··· Records shown

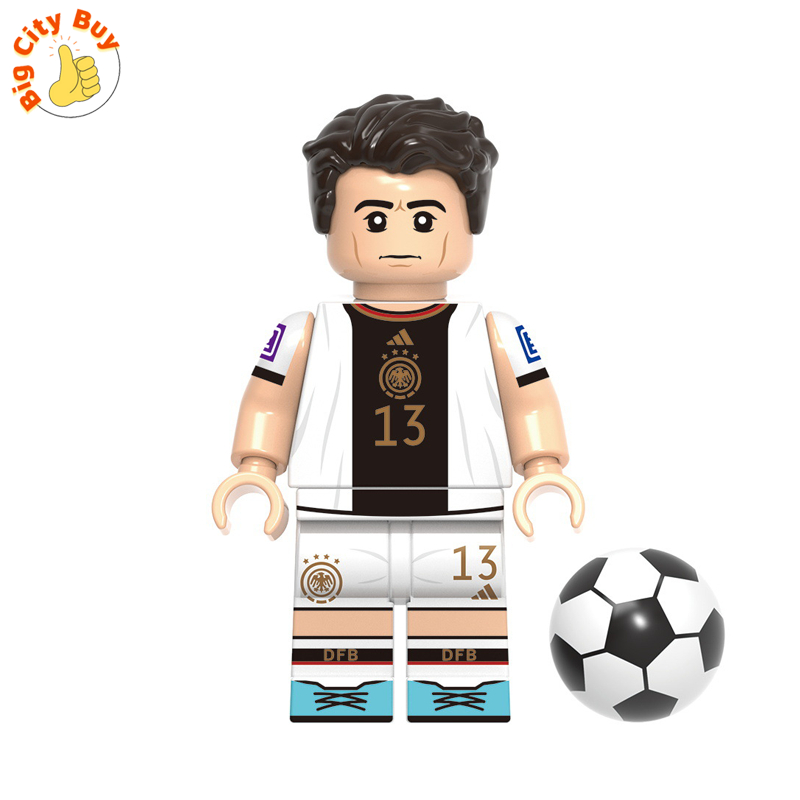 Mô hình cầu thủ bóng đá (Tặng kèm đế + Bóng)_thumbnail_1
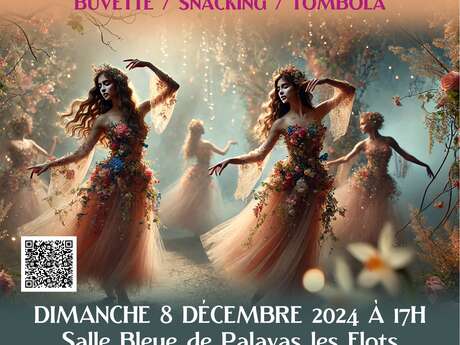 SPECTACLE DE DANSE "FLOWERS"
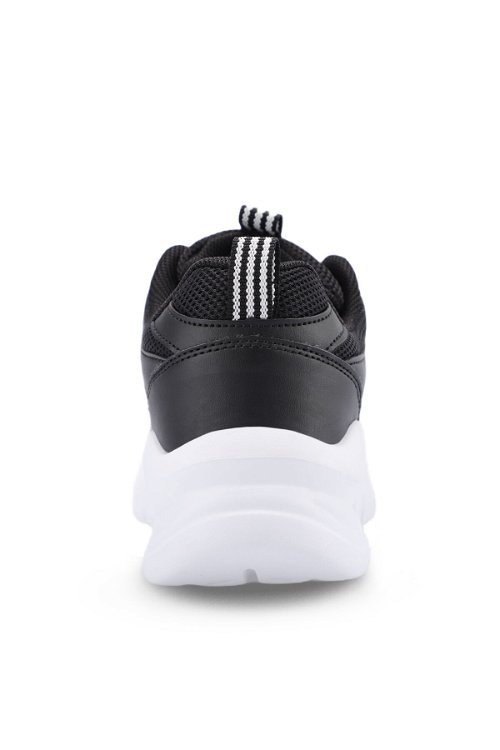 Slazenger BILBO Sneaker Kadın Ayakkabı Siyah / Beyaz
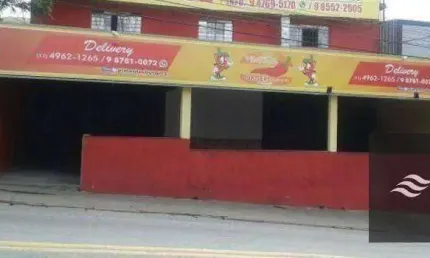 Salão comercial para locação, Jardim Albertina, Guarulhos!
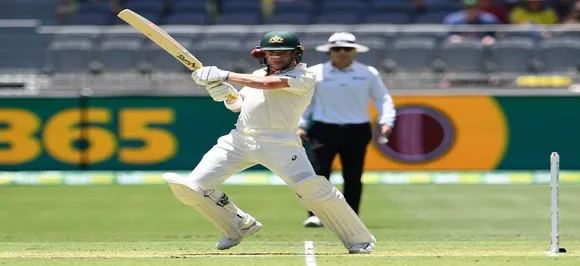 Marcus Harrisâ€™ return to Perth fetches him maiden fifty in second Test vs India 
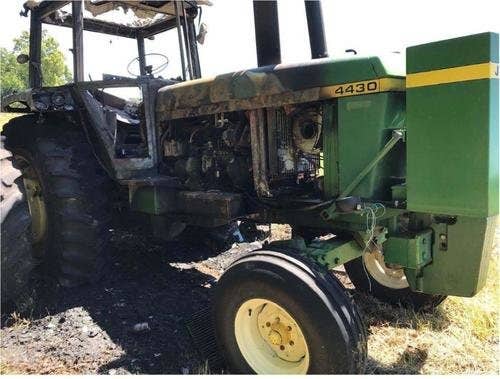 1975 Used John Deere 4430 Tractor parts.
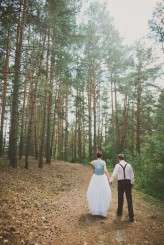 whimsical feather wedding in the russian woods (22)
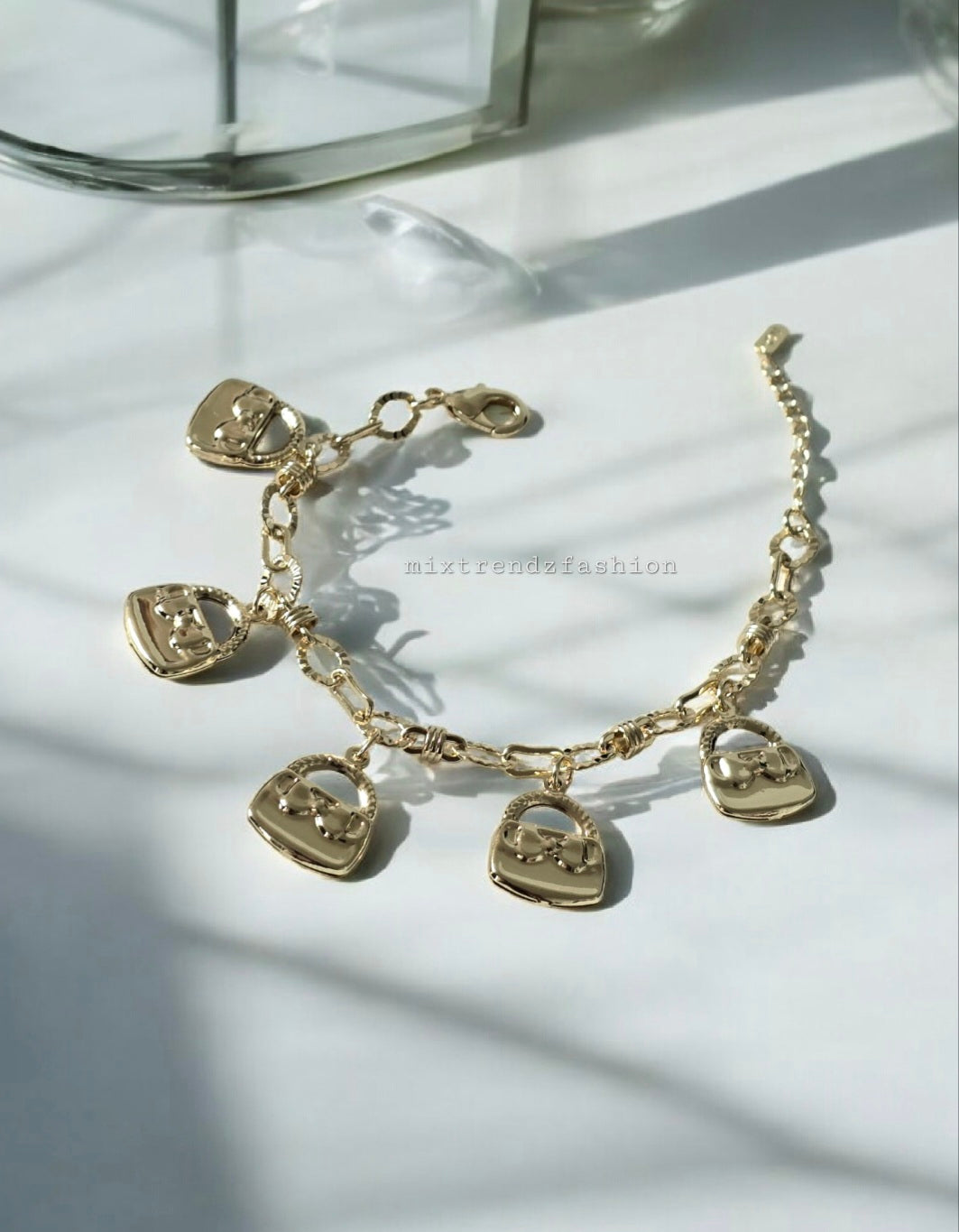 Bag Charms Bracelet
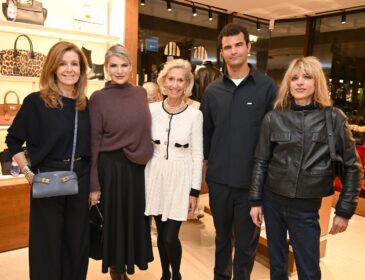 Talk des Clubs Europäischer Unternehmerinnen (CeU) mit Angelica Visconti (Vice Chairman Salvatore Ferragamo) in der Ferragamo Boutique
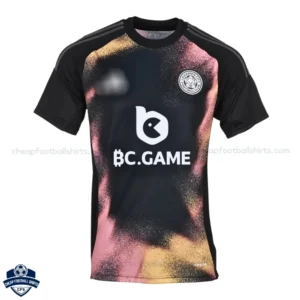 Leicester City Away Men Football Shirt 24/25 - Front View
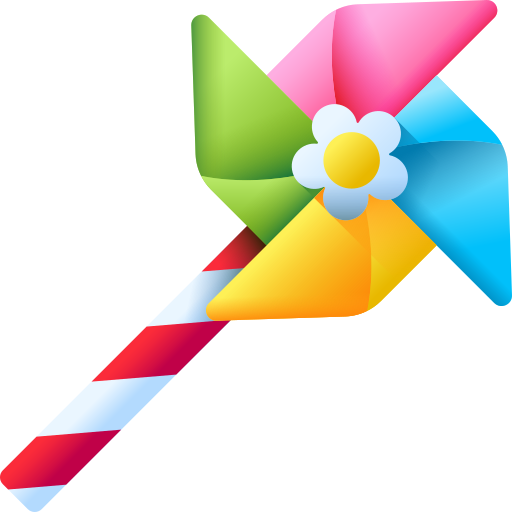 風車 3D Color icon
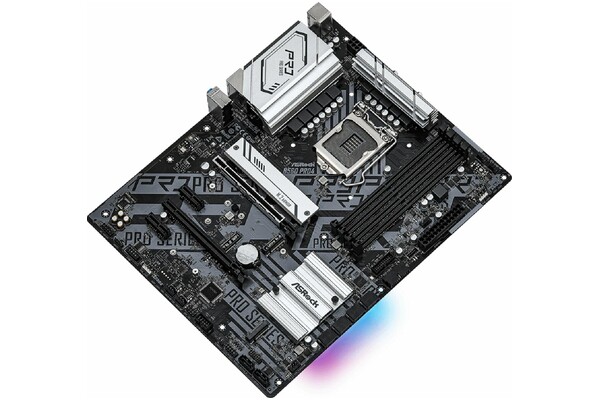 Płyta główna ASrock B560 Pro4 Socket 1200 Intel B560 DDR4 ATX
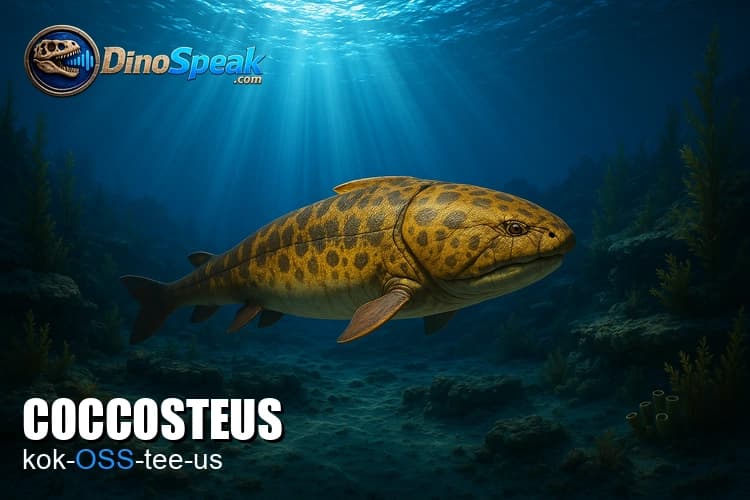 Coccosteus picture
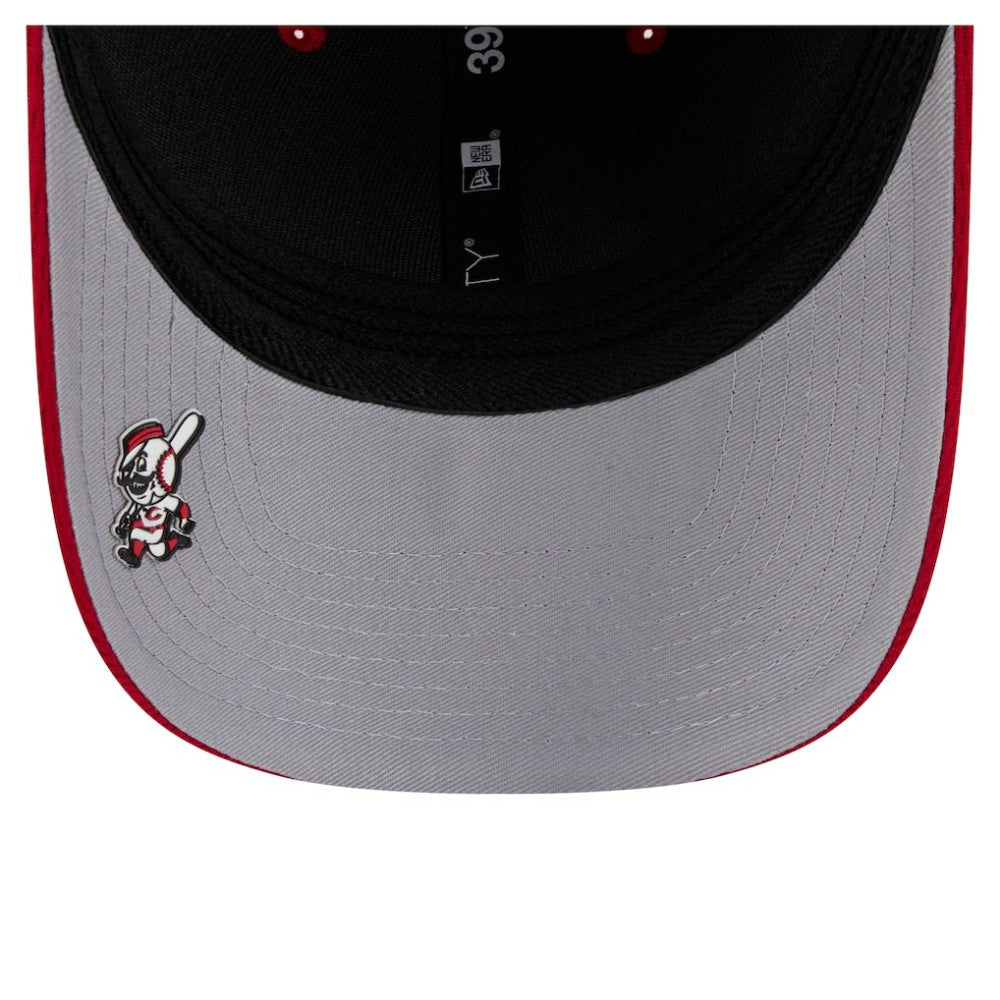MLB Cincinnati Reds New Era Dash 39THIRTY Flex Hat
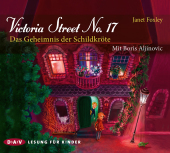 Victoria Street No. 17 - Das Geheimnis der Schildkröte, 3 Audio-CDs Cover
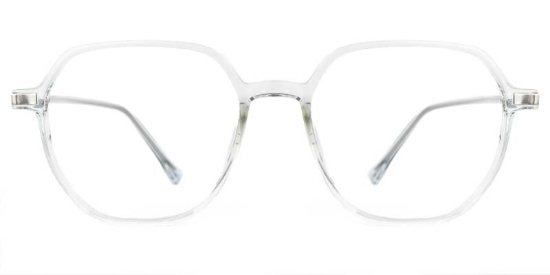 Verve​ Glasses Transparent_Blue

······

> **What to do**:
Pictures in the material above should be skipped; print exactly the lines from the one with "1975 Used John Deere 4430 Tractor parts." through the one with "Płyta główna ASrock".

> **Solution for this problem**:
 1975 Used John Deere 4430 Tractor parts.
 whimsical feather wedding in the russian woods (22)
 Bag Charms Bracelet
 Talk des Clubs Europäischer Unternehmerinnen (CeU) mit Angelica Visconti (Vice Chairman Salvatore Ferragamo) in der Ferragamo Boutique
 Leicester City Away Men Football Shirt 24/25 - Front View
 風車 3D Color icon
 Płyta główna ASrock B560 Pro4 Socket 1200 Intel B560 DDR4 ATX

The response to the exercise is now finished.